POUGHKEEPSIE – Community Voices Heard (CVH) held a rally and march from the Family Partnership to Poughkeepsie City Hall on Monday to commemorate May Day. The group of approximately 250 marchers made up of community activists, college students, union members, and city residents marched to show their support for Poughkeepsie becoming a sanctuary city and to save the city’s bus system which is slated to end in June.
Rally preceeded the Common Council meeting, which included an hour-long presentation in support of sanctuary city designation
by the Poughkeepsie Progressive Alliance
Affua Atta-Mensah, executive director of CVH, told the rally Poughkeepsie must be a “true” sanctuary city.
“We want a sanctuary city that is a real sanctuary for all of us, for all workers, for all low-income people, for students,” Atta-Mensah said. “We are here in full solidarity for what May Day is because we make up Poughkeepsie, because we make up the Hudson Valley area.”

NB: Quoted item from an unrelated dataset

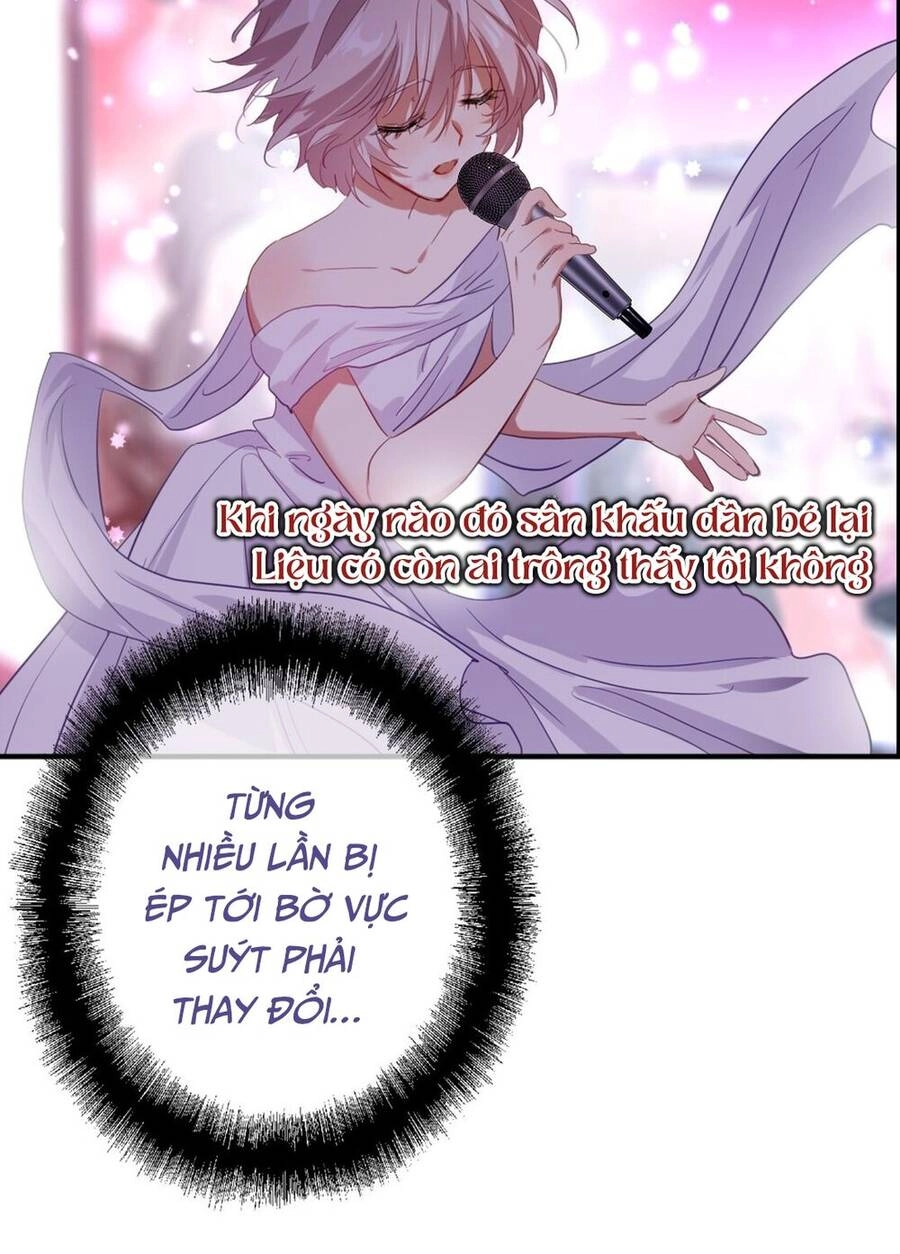 Tinh Mộng Thần Tượng Chapter 312 - 42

Of the organized speakers, a few rallied the crowd against Mayor Robert Rolison for what they claim is his plan to turn the city’s bus system over to Dutchess County in June. Tom Price, a lifelong resident of Poughkeepsie told those gathered that he and his wife are both disabled and rely on the city’s buses for transportation. Price said that he and his wife own a home in the 8th Ward and are physically unable to make it to the nearest ADA compliant county bus stop because they live 1.8 miles away from it.

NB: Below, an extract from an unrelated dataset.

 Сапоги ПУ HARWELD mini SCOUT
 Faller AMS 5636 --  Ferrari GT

“We feel very betrayed by the city and the mayor for even considering the elimination of the city buses,” Price said
A speaker introduced as Kat Harris, a student at SUNY New Paltz representing the Mid-Hudson Valley College Coalition, said that “May Day is an American holiday,” while calling for less money to be allocated for law enforcement as she rallied for equal pay for all types of work.
Poughkeepsie Common Council President Natasha Cherry asked that the group
continue the fight. According to Cherry, the unemployment rate in
Poughkeepsie is 38 percent for minorities and only 50 percent of
the residents have personal vehicles, which makes the Poughkeepsie bus
system vital for the community.
Council Member Christopher Petsas made the march to City Hall and told the
crowd that the elimination of the buses “is about power, politics,
and personal agendas” while he encouraged his fellow council members
McNamara, Young, and Klein to support the override of the mayor’s veto
regarding bus funding.
Kingston and Newburgh have already declared themselves welcoming cities.